Useless Factor: April 2008

Tuesday, April 29, 2008

Potential ideas to explore

I haven't written in a while, and it's a little hard to get started back up, so here are just a bunch of random ideas in my head that I'd like to share with you guys. Sorry if it's a little incoherent...

Possible extensions to Inverse

I've been thinking about possible ways to generalize my system for concatenative pattern matching, currently in extra/inverse. There are two ways to go about it: making a more general constraint solving system, and giving access to the old input when inverting something, as in the Harmony project. A third way is to add backtracking (in a different place than constraint solving would put it). To someone familiar with Inverse, these might seem like they're coming from nowhere, but they're actually very closely related. (To someone not familiar with it, see my previous blog post describing Inverse.)

Constraint solving

The idea of resolving constraints is to figure out as much as you can about a situation given certain facts. This is easy in some cases, but impossible in others, even if enough facts are known to, potentially, figure out what everything is. For example, Diophantine equations can be solved by a fully general constraint-solving system, but they're known to be undecidable in general.

So what can constraint solving get you in Inverse? Well, imagine an inverse to bi. It's not difficult to make one within the current framework, but some information is lost: everything must be completely determined. Think about inverting [ first ] [ second ] bi. Inverting this should get the same result as first2 (which has a hard-coded inverse right now, inverting to 2array). But it won't work.

A way for [ first ] [ second ] bi to work would be using the following steps:

Initialize a logic variable X as unbound
Unify X with the information, "the first element is what's second from the top of the stack (at runtime)". Now it's known that X is a sequence of length at least 1.
Unify X with the information, "the second element is what's on the top of the stack (at runtime)". Now it's know that X is a sequence of length at least two.
From the information we have about X, produce a canonical representation, since the inverted quotation is over: an array of the minimum possible length.

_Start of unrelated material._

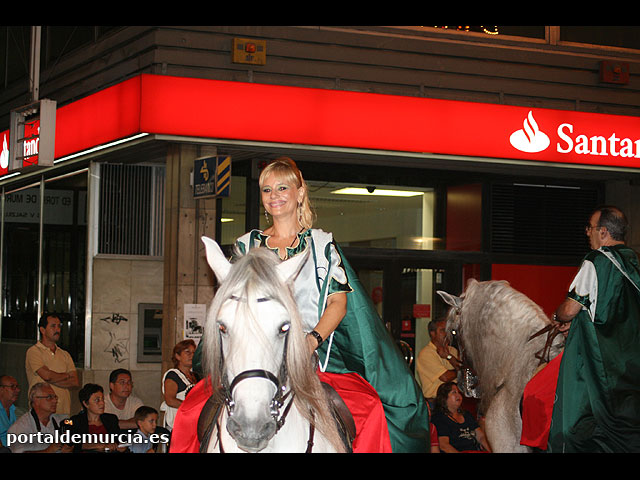 Desfile de Moros y Cristianos. Murcia 2007 - 188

This isn't easy to do in general, but it should be possible, in theory. It'd be extremely cool if it worked out.

Formally, you can think of Inverse as already a reasonable constraint solving system, for a limited problem domain. Given [ f ], and the statement about stacks A and B that f(A) = B, and given B, find a possible value for A. The strategy used right now is mathematically sound, and I hope to write it up some day. But, a more general use of logic variables is possible: explicit logic variables in code. This could be used to make a better-integrated logic language in Factor.

The Harmony Project

The Harmony Project, led by Benjamin C. Pierce, is an attempt to solve the "view-update problem" using a new programming language and type system which is largely invertible. The view-update problem is that we want to convert different storage formats into an abstract representation, manipulate that representation and put it back without duplicating code about the representation. Everything operates on edge-labeled trees.

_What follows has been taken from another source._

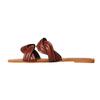 Where's That From Womens/Ladies Braided Casual Flat Sandals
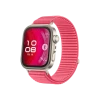 Newface Huawei Fit 4 Braid Kordon - Rose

Within the Harmony framework, it's possible to do all your work in bijections (one-to-one onto functions, similar but not identical to the domain of Inverse right now), but there's extra power included: the function to put the abstract representation back into the original form has access to the original. This adds a huge amount of power, giving the possibility of conditionals and recursion, in limited cases. Also, it gives the power to ignore certain things about the surface structure when looking at the abstract form. (Harmony also has ideas about tree merging, and of course a new type system, but I'm not as interested in that right now.)

So far, only relatively trivial things have been made with Harmony, but the idea looks really useful, though there are two problems: (1) I don't really understand it fully (like constraints) and (2) I have no idea how it can fit together with Inverse as it is right now.

Backtracking

In Mark Tullsen's paper on first-class patterns, there was an interesting idea that Inverse could adopt. Tullsen used monads to sequence the patterns. It's the simplest to use the Maybe monad, and that corresponds to how pattern matching systems normally work. But if the List monad is used instead, then you easily get backtracking. This could be ported to Factor either by using monads or, maybe easier, by using continuations. Years ago, Chris Double implemented amb in Factor using continuations, though the code won't work anymore. The sequencing and backtracking I'm talking about is relevant in things like switch statements, rather than undo itself. I'm not sure if it'd actually be useful in practice.

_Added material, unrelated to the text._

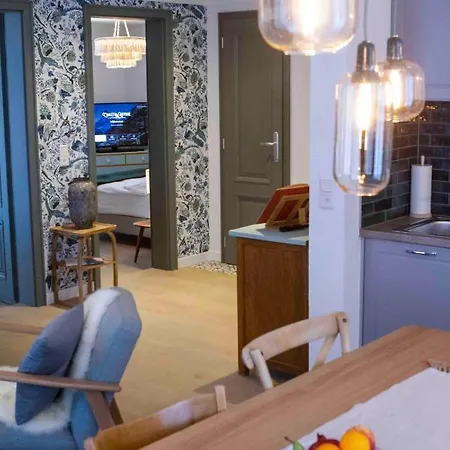 Apartamento Antoine Serviced By Mirabeau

Garbage collection research ideas

Because the summer's coming up, and I'll be participating in Harvey Mudd's Garbage Collection REU, I've been coming up with a few research ideas. The suggested one is to continue with the work of previous years' REUs and think about simplifiers and collecting certain persistent data structures and weak hashtables, but here are a couple more:

Figure out how efficient garbage collection on Non-Uniform Memory Access systems can work. The problem (if it is a problem) is that plain old garbage collection on multiprocessor NUMA systems isn't as fast as it could be, because a chunk of memory allocated for a thread may be far away from where it's used. One way to ensure locality is to give each processor (at least) its own heap, where the heap is guaranteed to be stored in the closest memory. But if data needs to be shared between processors, this can be too limiting. A piece of data can be kept on the RAM closest the processor which made the allocating call, but maybe it'd be beneficial to collect data on which processor is using which data, and dynamically move data around to different places in RAM to put it closest to where it's used. A related issue is maximizing locality when actually performing the tracing in the GC, which I have no ideas about.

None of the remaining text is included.